June 10, 2012 | Posted By David Lemberg, M.S., D.C.

Medicine as treatment or medicine as healing? Despite facile responses, these two constructions are distinct. It is possible that the failure to distinguish between the the modalities of treatment and healing is responsible for much of the current health care mess. Such failure may also account in large part for the abject failure of medicine to provide meaningful solutions to the epidemics of type II diabetes and overweight/obesity. Similarly, when a person ill with cancer or a person ill with a cardiovascular disorder encounters the health care system, the orientation of his physicians to treatment or healing will have a significant impact on the person’s long-term health and well-being.

The differences between treatment and healing are not strictly related to the nature of the intervention as such. A person's health may depend on a cholecystectomy. An acute gallbladder in danger of rupture and a chronically inflamed gallbladder clogged with small stones and fatty detritus may both warrant surgery. If treatment is posited as actively doing something to the patient, e.g., prescribing medication or performing surgery, and healing is posited as providing an environment in which the patient, as manifested in his physical body, can heal himself, then gallbladder surgery is treatment. But such treatment facilitates healing. Wherein lies a substantive difference?
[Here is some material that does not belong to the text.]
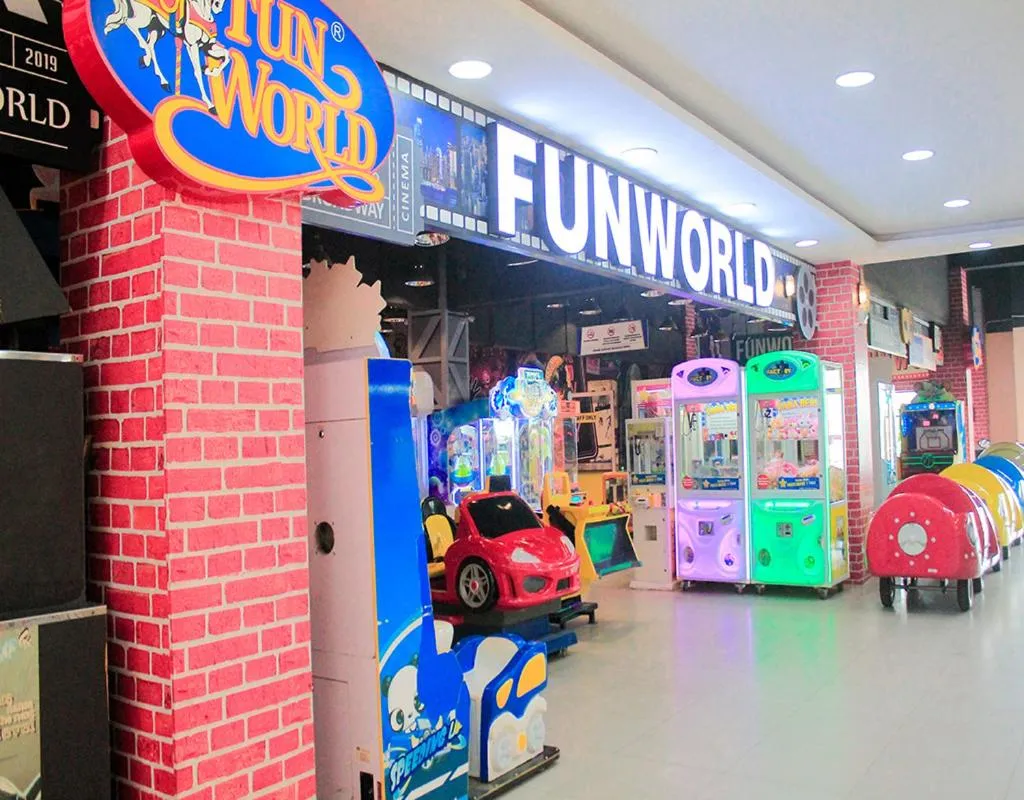 Suzuya Hotel Bagan Batu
As with much else, such as language, choice of reading material, and politics, context is decisive. Conceive of a person who has been in a motor vehicle accident. She has a great deal of lower back and neck pain. Her doctor prescribes NSAIDs, but after a while she continues to experience significant pain and the doctor prescribes Norco (hydrocodone/acetaminophen). The opiates dull the pain response and she feels less pain. This is treatment. Something is actively being done to the patient. That may be well and good if symptoms improve over the long-term, but with opiates this may not be the case. For example, The New York Times recently reported that opiates such as OxyContin, Percoset, and Duragesic are often prescribed for common conditions such as back pain, but there is little evidence demonstrating that they provide long-term benefit.

In the example, the opportunity for healing is not being provided. Treatment is the order of the day. The doctor is doing something to the patient, i.e., prescribing medication, regardless of the consequences. Pain persists, more opiates are prescribed, and very soon the patient is opiate-dependent, set up for years and possibly decades of opioid use. In contrast, healing would require assessment of the patient as a person. Is she getting sufficient rest? Is she able to exercise, and if not, how can exercise be facilitated? Is the patient drinking enough water and getting healthful food? These are simple questions, but sufficient rest, regular exercise, and healthy, balanced nutrition are the hallmarks of wellness and well-being.

In certain circumstances it may be necessary and appropriate to render active treatment. However, in the majority of patient-physician contacts what is required is healing. The profound problem is that doctors are woefully unprepared to interact with their patients from the perspective of healing. The first requirement in the process of causing an overall shift from treatment to healing is to recognize that the individual sitting on the examining table is a person, not a “patient”.